• Work request
Lines with the word "table" are the ones wanted. Copy each of them from the entries below.

[Records drawn from a dataset]
<<<<
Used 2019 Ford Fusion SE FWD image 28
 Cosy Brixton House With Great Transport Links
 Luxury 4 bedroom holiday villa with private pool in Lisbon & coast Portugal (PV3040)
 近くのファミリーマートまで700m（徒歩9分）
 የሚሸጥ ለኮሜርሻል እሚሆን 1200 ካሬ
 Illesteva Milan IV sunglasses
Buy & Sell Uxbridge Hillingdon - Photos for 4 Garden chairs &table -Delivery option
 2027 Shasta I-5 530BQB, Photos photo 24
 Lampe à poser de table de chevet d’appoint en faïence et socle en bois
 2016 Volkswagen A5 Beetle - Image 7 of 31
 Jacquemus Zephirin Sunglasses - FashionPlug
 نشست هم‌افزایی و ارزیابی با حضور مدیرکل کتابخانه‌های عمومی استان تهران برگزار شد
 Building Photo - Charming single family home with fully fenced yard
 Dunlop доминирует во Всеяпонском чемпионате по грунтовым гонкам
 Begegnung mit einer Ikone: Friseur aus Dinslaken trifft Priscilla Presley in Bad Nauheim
>>>>
• Answer area
Buy & Sell Uxbridge Hillingdon - Photos for 4 Garden chairs &table -Delivery option
 Lampe à poser de table de chevet d’appoint en faïence et socle en bois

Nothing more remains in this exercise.